The other Mirage smiled, and didn’t speak.
Mirage initiated her internal comms device. “Brooke. I think this is going
to work, but in case it doesn’t, you’re in charge.”
“What? What are you going to do?”
“The other Lilac is stuck in a dimension that can only be accessed by this
rock, and you can’t access it unless you use it.”

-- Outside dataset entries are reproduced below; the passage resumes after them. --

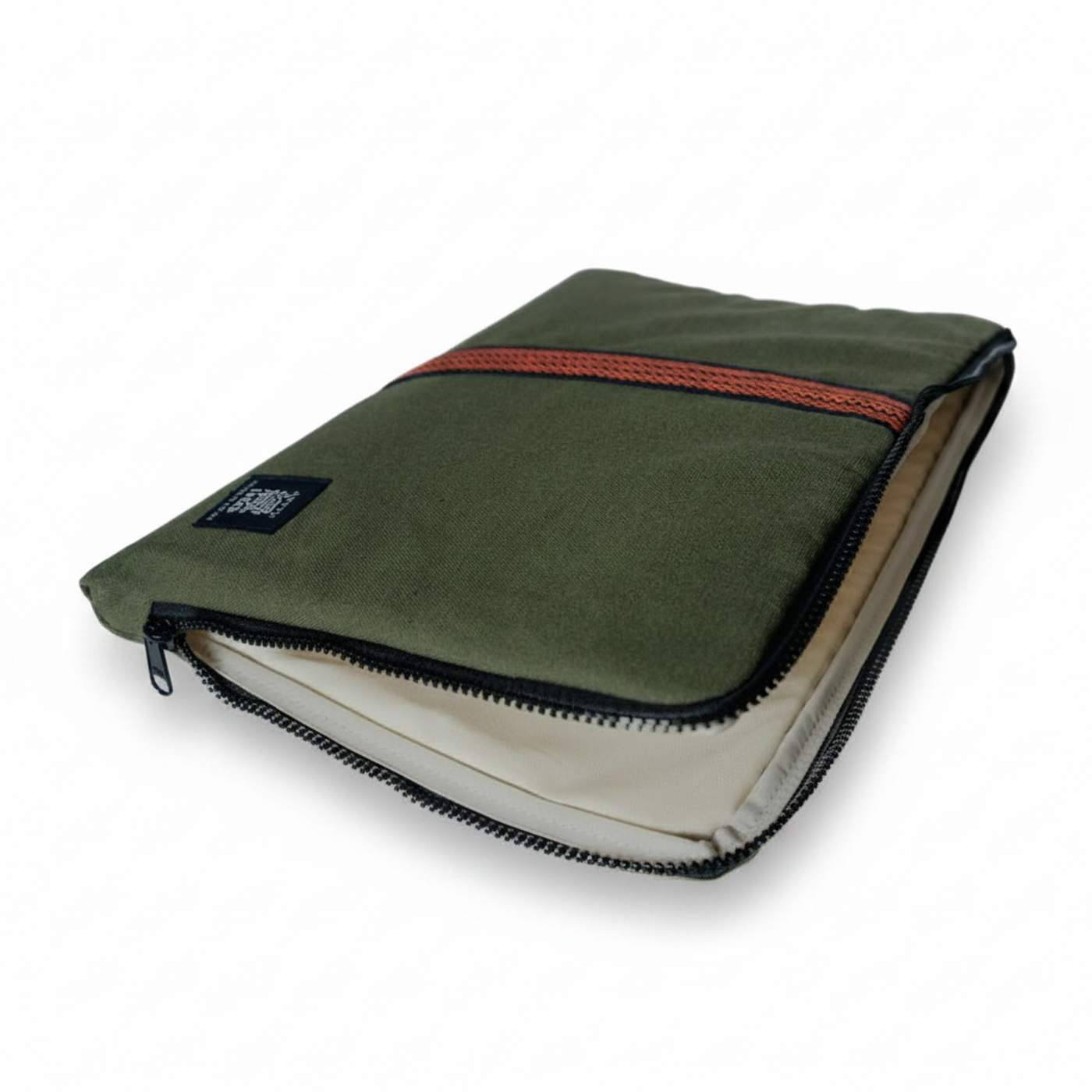 Custodia per computer 15" ANYTHINGxROBINSON Verde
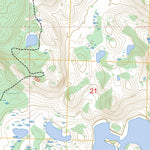 Yakutat B-3 NW, AK FSTopo Preview 3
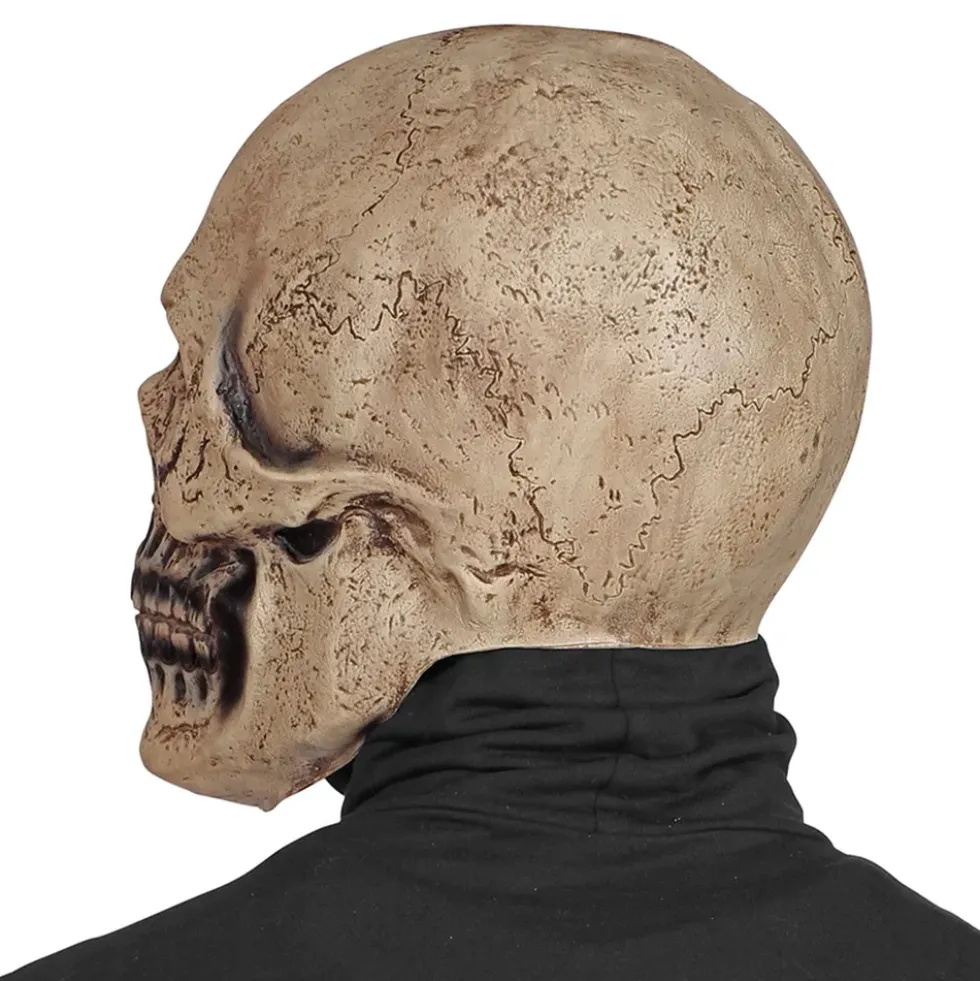 Dödskalle Budget Mask
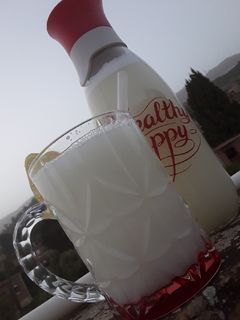 صورة لوصفة شاربات🥛 الكريبوني 🍋🍹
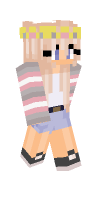 Skin preview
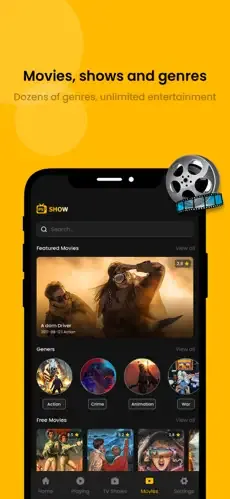 sony-z150 Movies and shows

Brooke teleported into the lab. “Wait!”
Mirage squeezed the stone, and thought about her past. Before she knew it,
she was falling from a few meters in the air, and into the water. She sank a
little before inflating her buoyancy compensator, and rising back up to the
surface. The lake was packed with people on boats who were all very confused
about what had just happened. She looked around to get her bearings,
recognizing the geography right away. This was indeed Sherwood Lake in
Topeka, Kansas, which was where she was when she accidentally fell into
another dimension while saving Mateo and Leona’s lives.
She looked over, and breathed a fake sigh of relief when she saw someone she
recognized. It was Lilac. Her plan worked; no clone body, nor crazy time
tech required. All she had needed to do was activate the stone again, and
trigger a new point of egress. The problem was, if these stones worked the
way she understood them to, it was going to be rather difficult to get back
to where they were. It should be the year 2036.